LA ÉTICA DE LA VIRTUD

Varios autores norteamericanos como McIntyre, Edmund Pellegrino y Thomasma, han subrayado la importancia de las cualidades humanas, el buen carácter de la persona del médico y de sus virtudes para lograr una actuación correcta ética y humanizada de cara al paciente (18). En oposición al principialismo que centró su atención en las acciones, estos autores volcaron su atención en la perspectiva del médico que actúa, en sus hábitos y cualidades personales aplicables a todo el devenir de su práctica.

Es un hecho, compartido por muchos, que en las últimas décadas han confluido muchos factores en la sociedad que amenazan las relaciones de confianza que hay entre el paciente y el médico. Según Pellegrino, hay un modelo individualista que sustenta la estructura del acto médico pero que determina un funcionamiento burocrático y de control financiero (19).

La propuesta de la ética de la virtud aspira a superar el comportamiento basado en la desconfianza e incapacidad de evaluar y valorar los intereses del paciente. Se trata de establecer la confianza como el requisito indispensable para las relaciones humanas y profesionales, y de buscar, en todo momento, no anteponer los criterios clínicos o su propia percepción de lo que es bueno o malo para el paciente (20). La aspiración esencial de este modelo centrado en la virtud se orienta a obtener y fortalecer una relación fiduciaria entre ambos, la cual, además de poseer dimensiones morales específicas, constituye el fundamento de la ética profesional (21).

Así, sostiene Pellegrino, en el camino de las virtudes, especialmente las virtudes médicas, es indispensable el cultivo de las humanidades.
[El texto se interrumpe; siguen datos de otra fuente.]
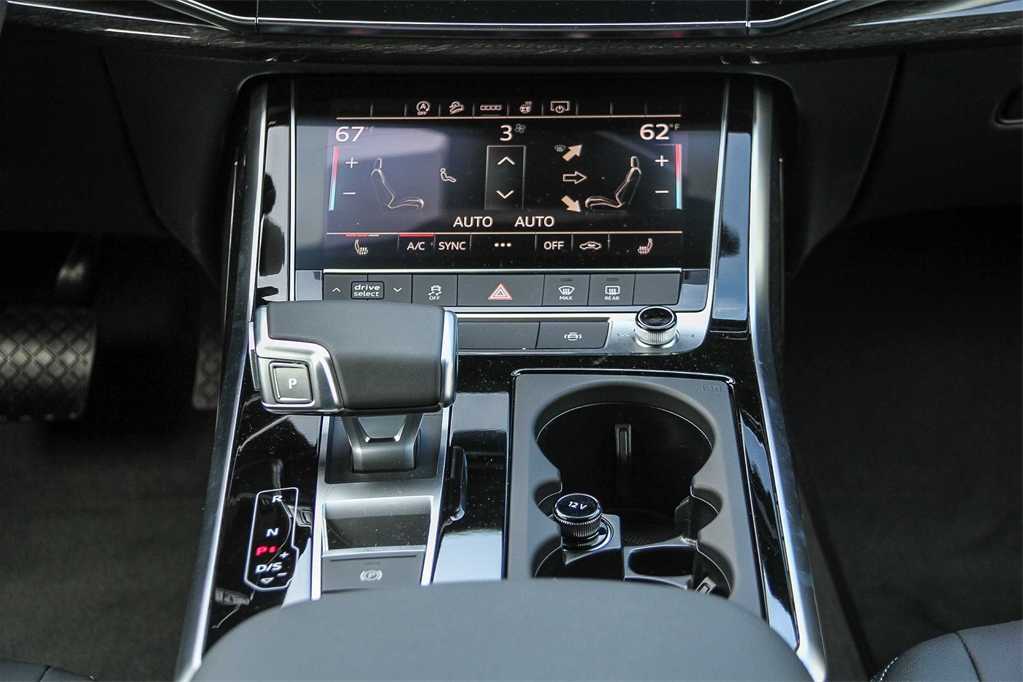 Thumbnail: 2026 Audi Q8 - 14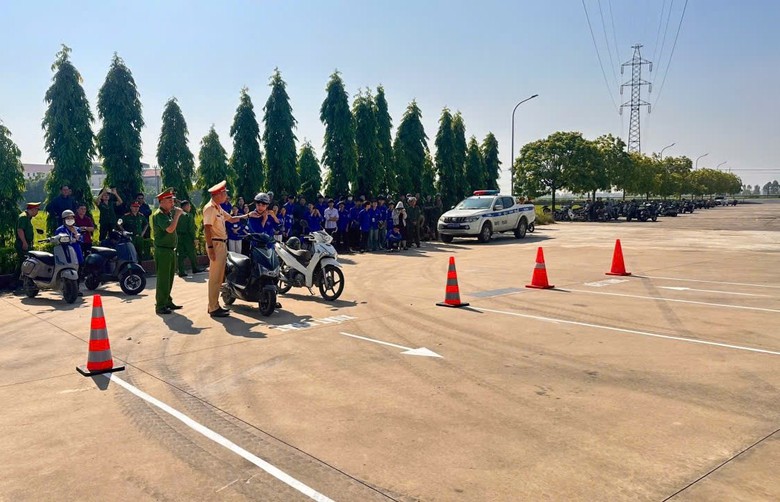 Hải Phòng: Đào tạo kỹ năng lái xe an toàn cho hơn 150.000 học sinh và người dân- Ảnh 1.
De esta perspectiva es su célebre frase cuando señala que "la medicina es la más humana de las ciencias y la más científica de las humanidades" (22). Según Pellegrino, la teoría o la ética de la virtud, constituyó la base moral de la mayor parte de la historia del mundo y por ello es imposible de excluir en cualquier debate moral.

En el ejercicio clínico hay siempre un terreno para la intención, las convicciones y los fines para llevar a cabo acciones en un quirófano, un peritaje médico-legal o una decisión clínica en la cabecera de la cama del paciente. De esta forma, el juicio moral objetivo en el escenario clínico está presente, lo mismo que el juicio de su conciencia. No hay diferencia entre el jucio moral que sucede en el escenario clínico que en el que puede haber en cualquier otro escenario. En este camino, solo la práctica de las virtudes, que como hábito afectan directamente el ser del agente —en este caso del médico—, permite al sujeto ser capaz de intuir las decisiones y los pasos más justos y prudentes de cara a su paciente, sus colegas y su propia vida.

En efecto, la noción de virtud (arete) es entendida por Pellegrino como "excelencia", es decir, como aquel hábito que facilita al agente llevar a cabo un acto, una acción o un comportamiento con la mejor adecuación y la máxima perfección en el marco de la ponderación y la prudencia. El hábito y ejercicio de las virtudes, lo mismo que la educación del espíritu humano en ellas, desde los primeros años y la primera juventud, permitirá adquirir esta "segunda naturaleza", de la que hablara Aristóteles, la cual constituye una singular sabiduría de la que emerge la prudencia, que solo florece en el conjunto de muchas virtudes.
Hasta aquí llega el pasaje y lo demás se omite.